Dear John

Sorry for my late reply. Recent thunderstorms have seriously disturbed
mobile networks in Sri Lanka, and it is still not yet better to date.

You wrote:

> My understanding is that "sara.nanti" is simply a sandhi by
> assimilation of "sara.na.m" and "ti" (for "iti"). Thus sarana.m is
> still accusative but is set in direct quotes, and not instrumental at
> all.

I won't deny its being sandhi, for, sandhi is none other than
assimilation of adjacent sounds. However, in "pure" sandhi, there are no
semantic relations involved. If there weren't any sort of relation
between "sara.na.m" and "iti", it would have been pure sandhi. The
question is whether there is such a relation or not.

Now let's assume sarana.m is in accusative.

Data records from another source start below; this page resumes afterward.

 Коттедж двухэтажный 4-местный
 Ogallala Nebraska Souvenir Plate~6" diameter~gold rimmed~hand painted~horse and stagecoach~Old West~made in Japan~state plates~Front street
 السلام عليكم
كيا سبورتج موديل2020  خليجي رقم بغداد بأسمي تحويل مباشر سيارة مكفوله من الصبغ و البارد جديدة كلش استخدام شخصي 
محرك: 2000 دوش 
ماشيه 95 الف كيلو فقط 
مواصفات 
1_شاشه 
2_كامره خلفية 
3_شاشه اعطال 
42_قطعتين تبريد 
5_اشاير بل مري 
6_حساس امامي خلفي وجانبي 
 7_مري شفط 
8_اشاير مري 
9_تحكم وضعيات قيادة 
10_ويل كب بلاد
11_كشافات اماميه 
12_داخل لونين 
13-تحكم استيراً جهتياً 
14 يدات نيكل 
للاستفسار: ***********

If it were really the case,
"gacchaami" would have become a verb requiring a double object. Then
"iti" wouldn't have been necessary. Cf:

Puriso assa.m gaama.m nayati = The man brings the horse to the village
(Here "nayati" is a verb of double object)

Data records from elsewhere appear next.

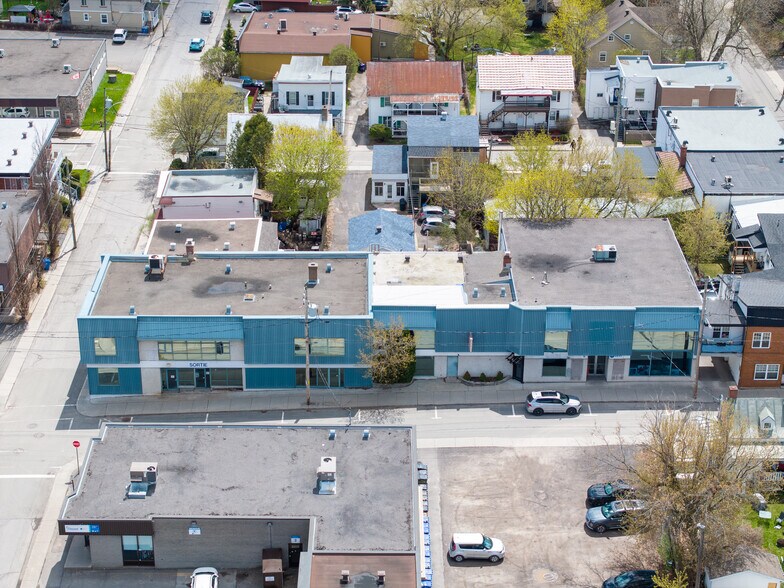 More Photos Of 312-330 Saint-Jacques Rue, L'assomption Flex For Sale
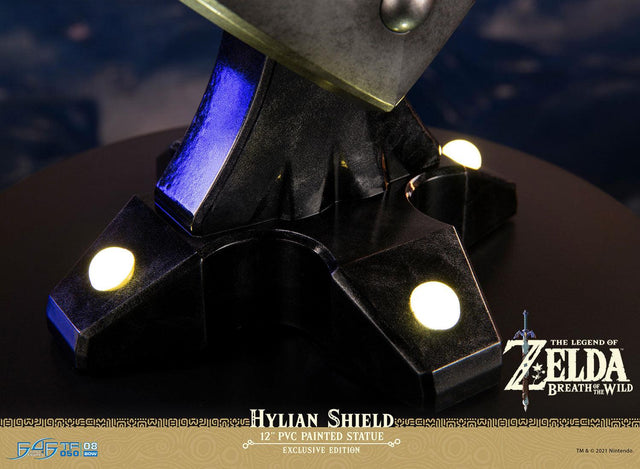 The Legend of Zelda™: Breath of the Wild – Hylian Shield (Exclusive Edition) (shield_launchphoto_ex_19.jpg)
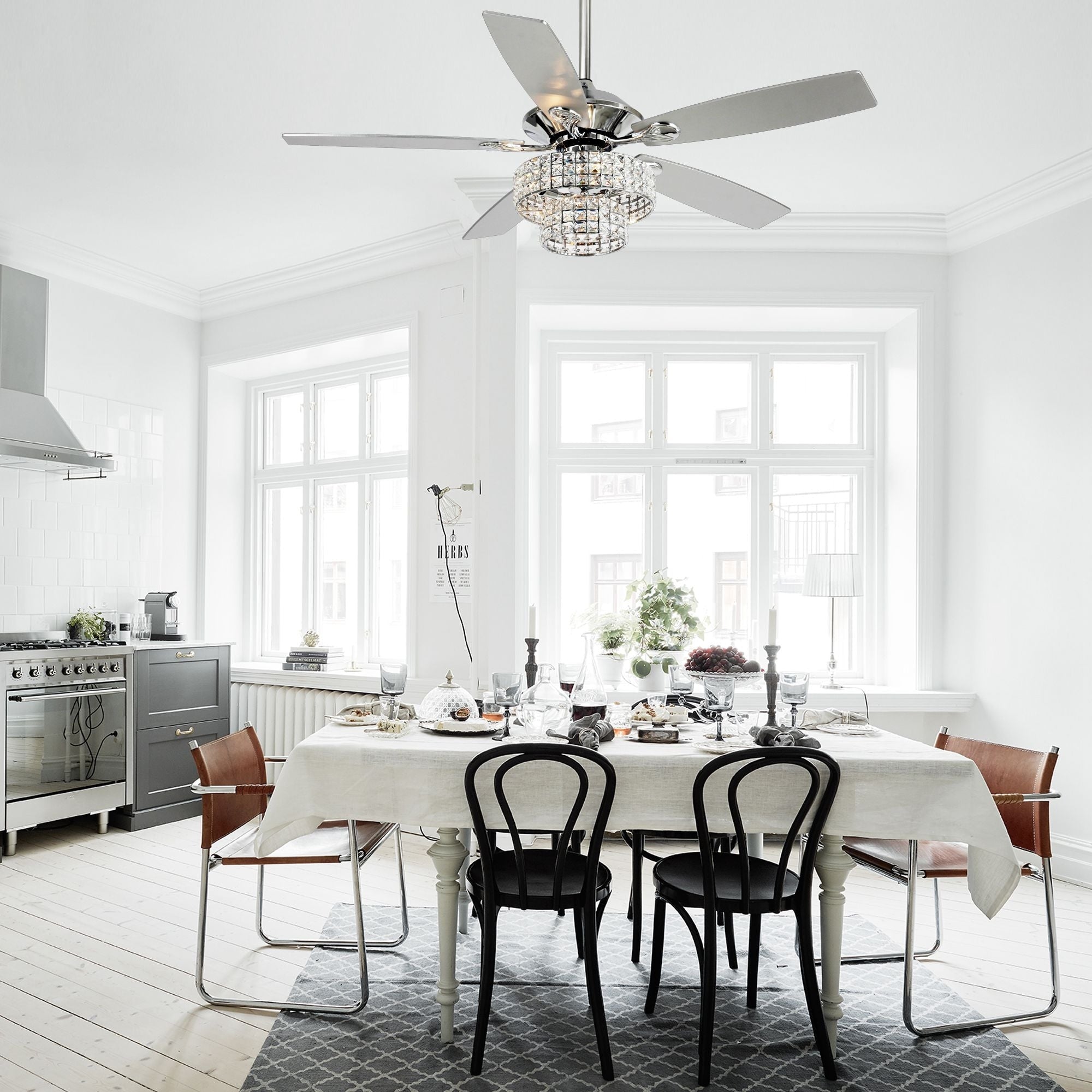 52-Zoll-Deckenventilator mit 5 Flügeln, verchromt, aus Holz, im modernen Kristall-Design und mit Fernbedienung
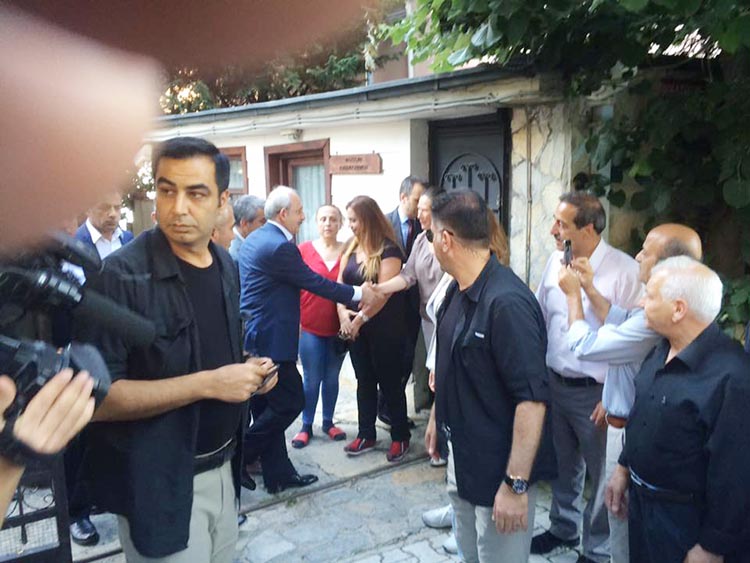 Kemal Kılıçdaroğlu, Beykoz’da Prof. Öztürk’ü ziyaret etti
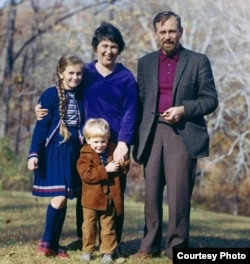 Семья Ретивовых. Слева направо: Татьяна Ретивова (дочь), Татьяна Ретивова (мать) и два Алексея Ретивова – отец и сын. Вашингтон, 1964 год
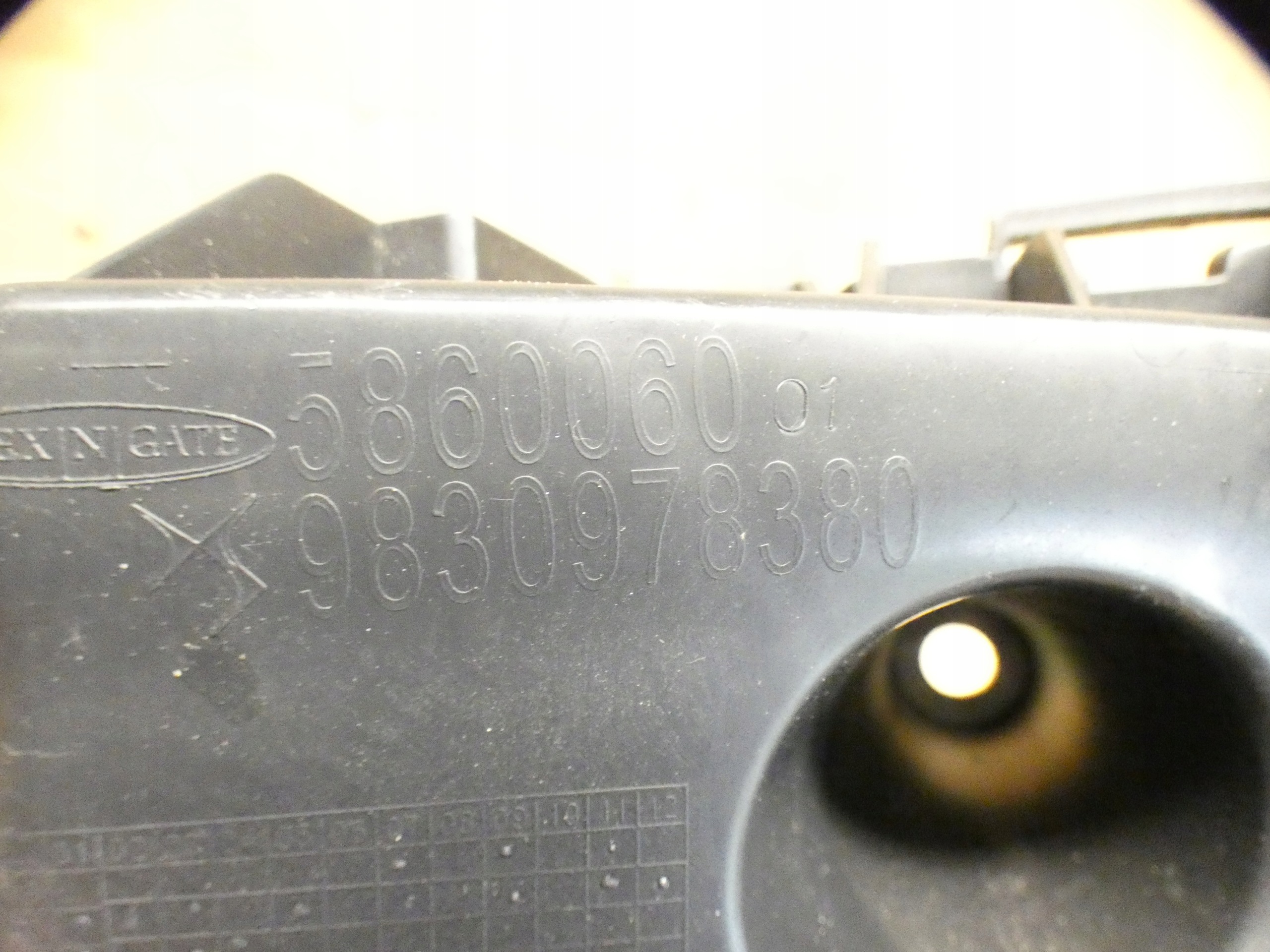 bumper bracket rear part right left DS4 CROSSBACK II 9830978380 9830978280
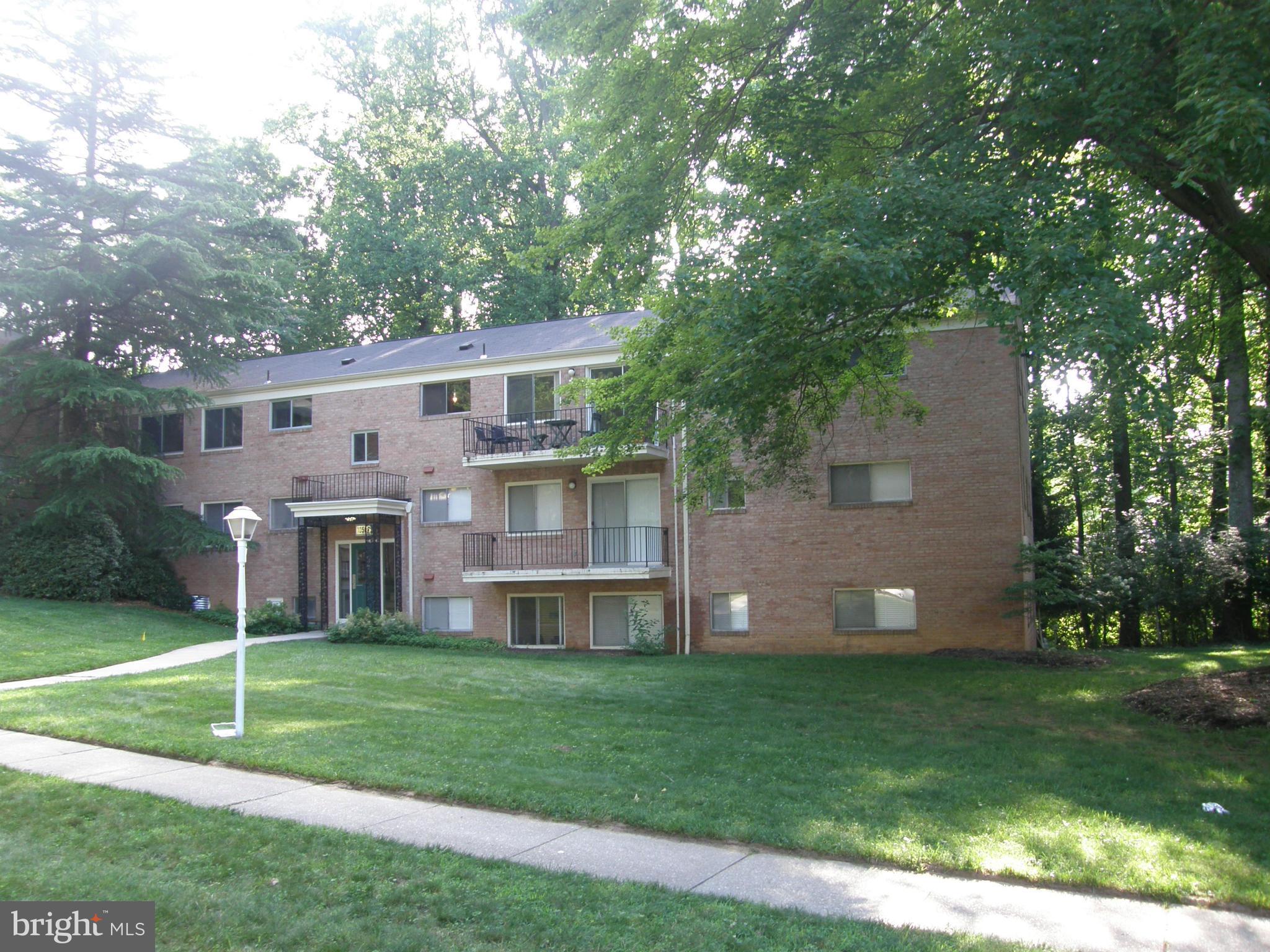 PARKSIDE CONDOMINIUMS - Residential Lease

On the other hand, suppose "iti" is used here to indicate a direct
quote. A quote is a self-contained set of words without any relation to
any word outside the quote. Then, in this case, we cannot claim that it
must be of the same case, i.e., accusative, as "buddha.m". On the
contrary, we must take the context into account.

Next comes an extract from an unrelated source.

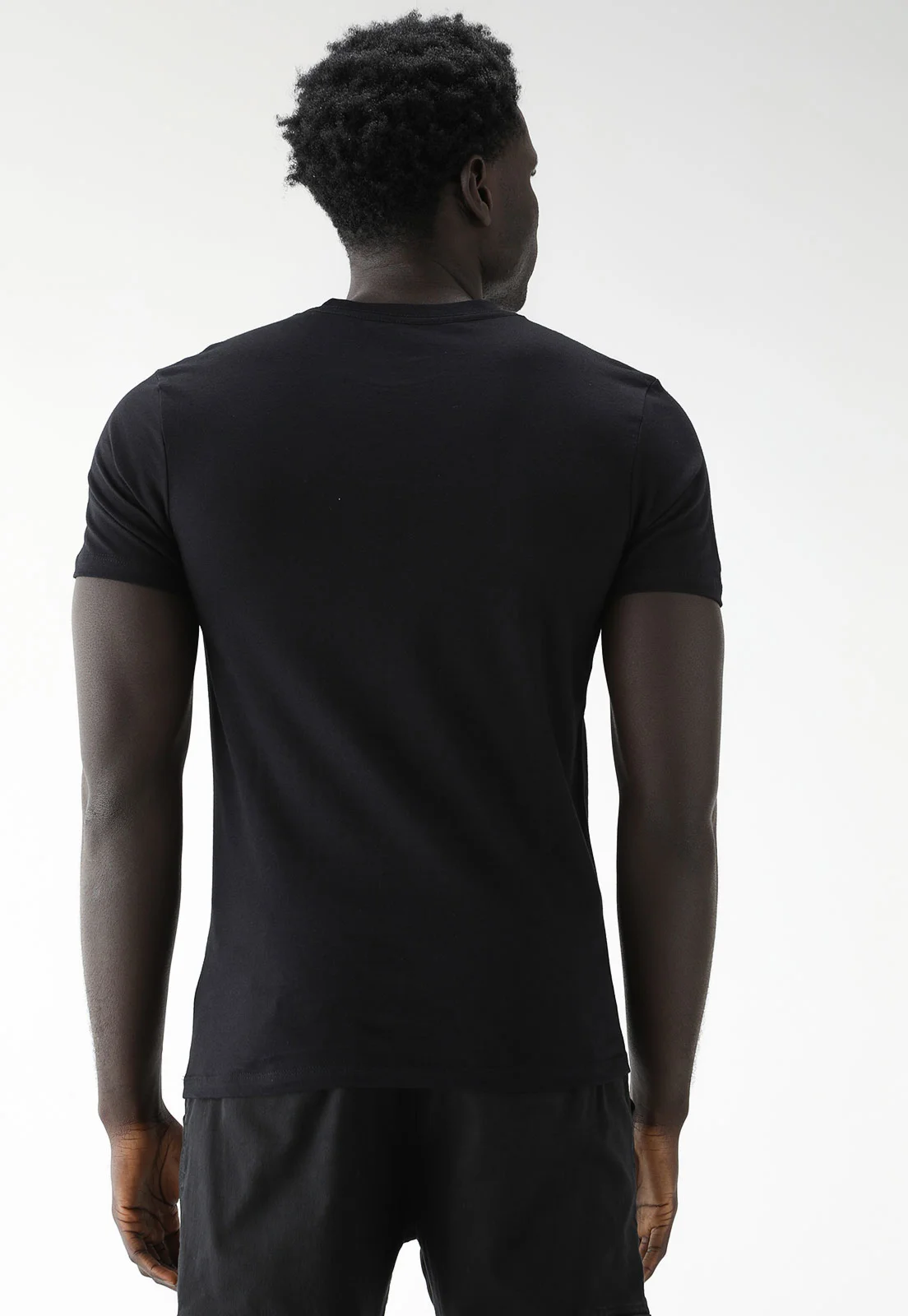 CAMISETA UNISSEX BÁSICA - Imagem 3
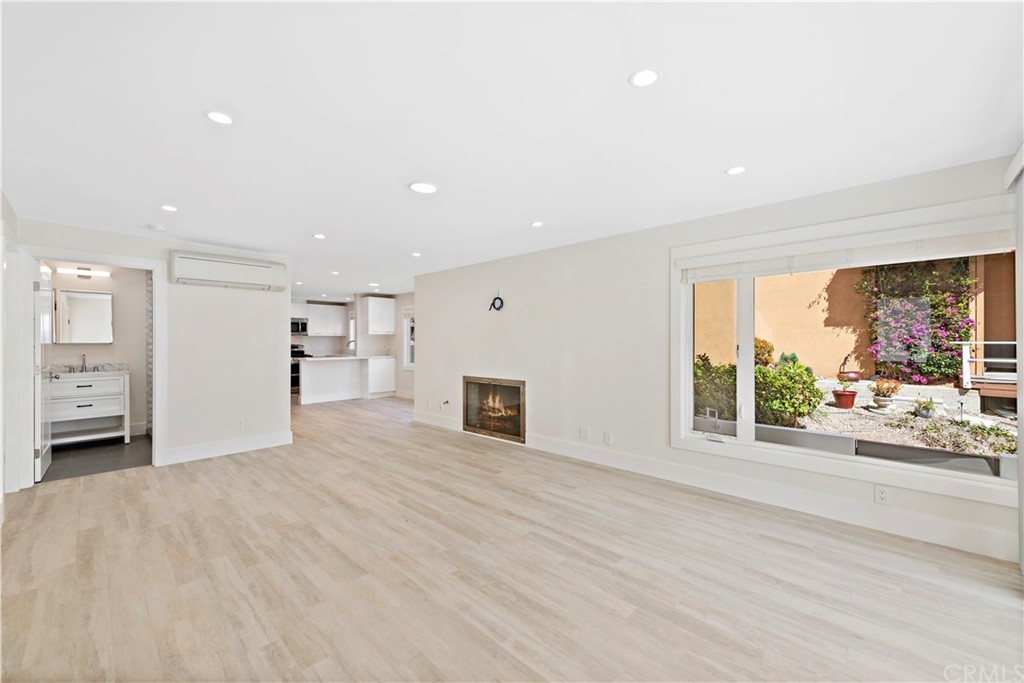 827 Cliff Drive Laguna Beach, CA 92651 - Photo 11 of 19 a view of a an empty room with a window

Now let's go to the commentary of Khuddakapaa.tha.

. . . Ta.msama'ngii satto ta.m sara.na.m gacchati, vuttappakaarena
cittuppaadena “esa me sara.na.m, esa me paraaya.nan”
ti evameta.m upetiiti attho. (Pj1 - 16)

Trs.: . . . A being endowed with such a mind relies on him (i.e., the
Buddha) as a refuge. The meaning of it is " (He) approaches him (the
Buddha) with the aforementioned kind of mind as 'This is my refuge, this
is my shelter' "

Depending on this commentary we can interpret "buddha.m sara.na.m
gacchaami" in two ways.

The first is taking "sara.nanti" as a quotation, and translating it as
"I rely on the Buddha (thinking) 'This is my refuge' " In this method,
"sara.na.m" is in nominative case.

The second is taking "sara.nanti" as an indeclinable compound. Then the
translation would be: " I rely on the Buddha as refuge".

> Also, I didn't comprehend your statement that "sara.nanti" can be
> viewed as an indeclinable compound having the instrumental case. By
> definition an indeclinable doesn't have any cases, is it not?

In classic grammars, in fact, indeclinables are nouns but with
case-endings elided, and subsequently, without changing their forms in
various contexts. This view has practical reasons. For instance:

mahanto puriso (= a great man)
mahantena purisena (= with a great man)

You may notice in the examples above that adjectives take the cases and
numbers of the nouns they modify. Then what about "purisoti etena",
which should be translated as " with this word 'puriso'"? This is a very
common form in the commentarial literature.

Here the grammarians take "purisoti" as modified by "etena". Since they
must be of the same case, "purisoti" is viewed as an indeclianble
compound with the instrumental case elided.